“Today’s agreement is a win for clean water. We are holding industrial polluters accountable for releasing toxic water pollution. The settlement will reduce harmful pollution and fund important work to improve salmon habitat and water quality.” -Simone Anter, associate attorney with Columbia Riverkeeper.
FOR IMMEDIATE RELEASE
Food Processing Company Agrees to Comply with Law, Pay $150,000 in Clean Water Lawsuit brought by Columbia Riverkeeper
Cashmere, WA (January 8, 2020)—Columbia Riverkeeper and Crunch Pak, LLC reached a court-approved settlement agreement that will address water pollution flowing into the Wenatchee River.
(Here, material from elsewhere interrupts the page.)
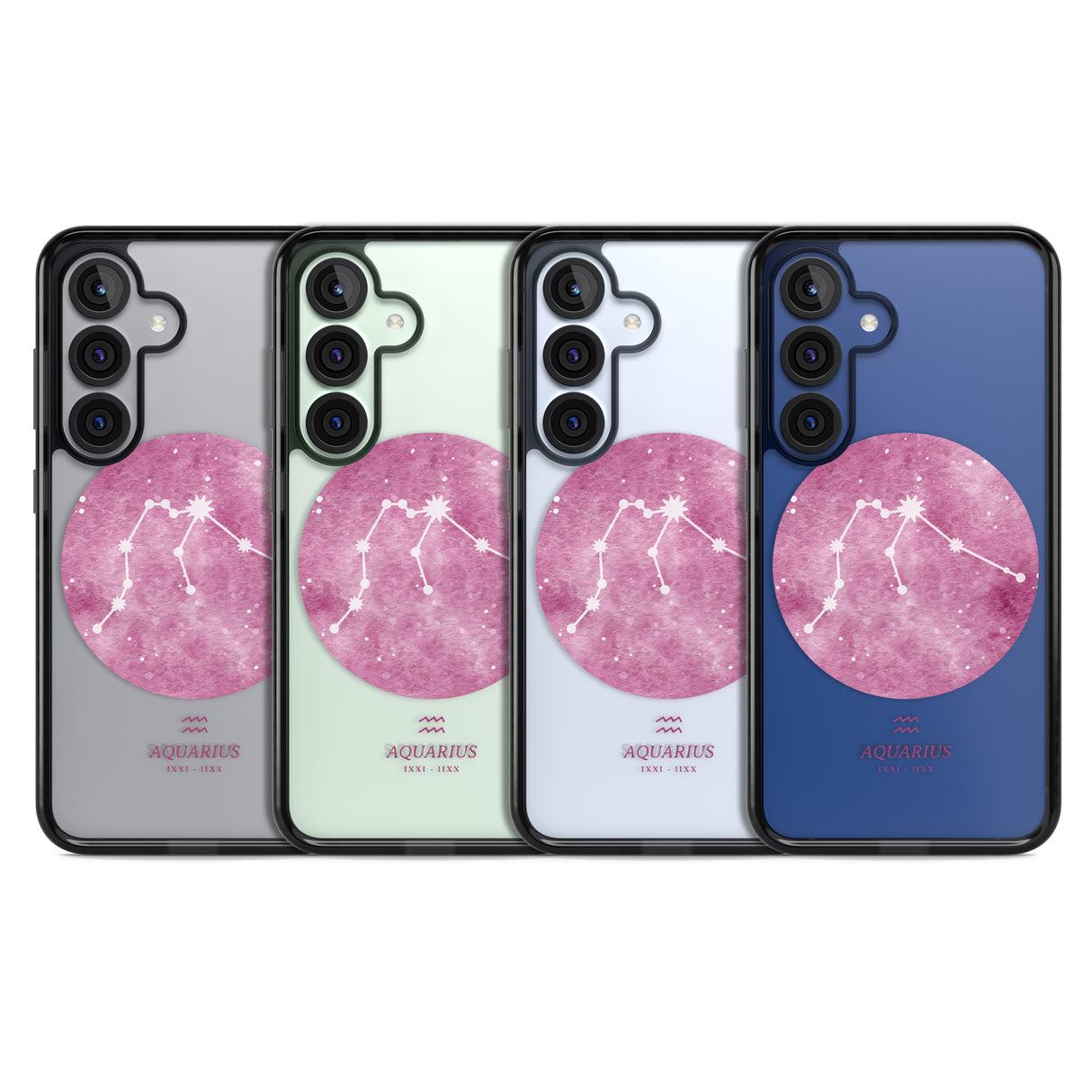 Aquarius Zodiac Transparent Design - Pink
Under the agreement, Crunch Pak will reduce harmful pollution runoff from its Cashmere, WA, food-processing facility and pay $150,000 to the Rose Foundation. Consistent with the Clean Water Act, the foundation will award grants for projects that improve local water quality. Crunch Pak operates a food-processing facility near the Wenatchee River, which flows directly into the Columbia River.
“Today’s agreement is a win for clean water. We are holding industrial polluters accountable for releasing toxic water pollution,” said Simone Anter, associate attorney with Columbia Riverkeeper. “The settlement will reduce harmful pollution and fund important work to improve salmon habitat and water quality.”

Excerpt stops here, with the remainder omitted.